Issue (i): Whether advertisement, business promotion and commission expenses incurred by a real estate developer following the Project Completion Method were allowable as revenue expenditure or required to be capitalised as work-in-progress.
Analysis: Under Accounting Standard 2, only costs incurred in bringing inventories to their present location and condition form part of inventory cost, while selling and distribution costs and administrative overheads that do not contribute to such condition are excluded. Expenses incurred for business promotion, advertising and commission to agents are promotional in nature and do not directly create or improve the inventory, nor do they bring the project inventory to its present location and condition. Such expenditure is therefore revenue in nature even where revenue recognition is deferred under the Project Completion Method.
Conclusion: The advertisement, business promotion and commission expenses were allowable as revenue expenditure and were not required to be capitalised as work-in-progress.
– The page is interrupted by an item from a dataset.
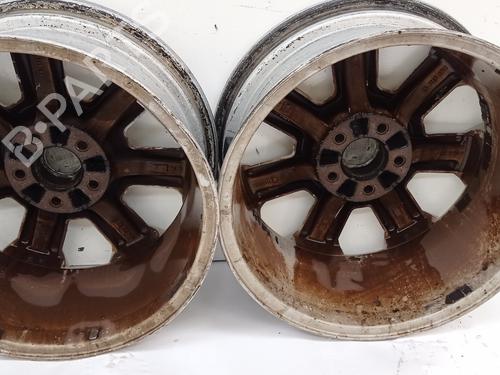 Rim OPEL ZAFIRA / ZAFIRA FAMILY B (A05) 1.9 CDTI (M75) | BP21189347C45 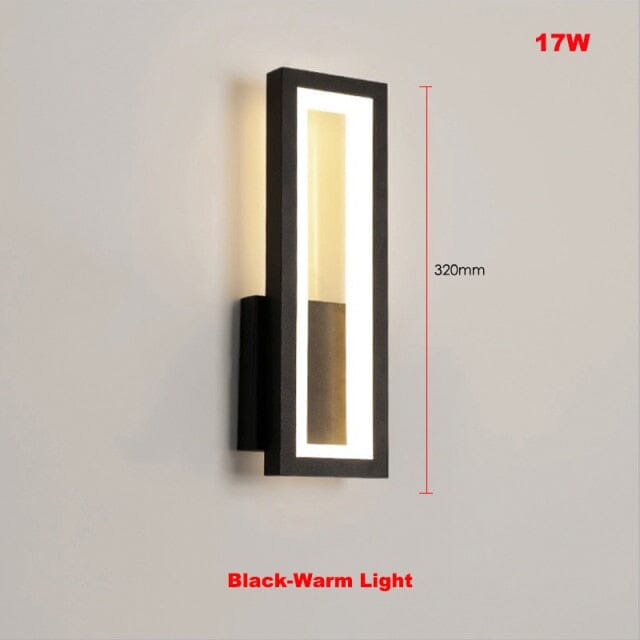 Lysara Nordic Wall Light for Modern Living Spaces at Home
Issue (ii): Whether loan processing charges and security expenses were project-specific costs forming part of work-in-progress.
Analysis: Costs that are directly attributable to the project and necessary for bringing the inventory to its present location and condition are includible in work-in-progress. Loan processing charges and security expenses, on the facts recorded, were project-specific and directly connected with the ongoing development activity. They therefore fell within the cost base of the project inventory under the applicable accounting principles.
Conclusion: The loan processing charges and security expenses were correctly capitalised as work-in-progress.
Final Conclusion: The appeal was partly allowed by deleting the capitalisation of promotional expenses while sustaining capitalisation of project-specific expenses.
Ratio Decidendi: In real estate projects following the Project Completion Method, expenses that are promotional or otherwise unrelated to bringing inventory to its present location and condition remain revenue expenditure, whereas costs directly attributable to the project are to be included in work-in-progress.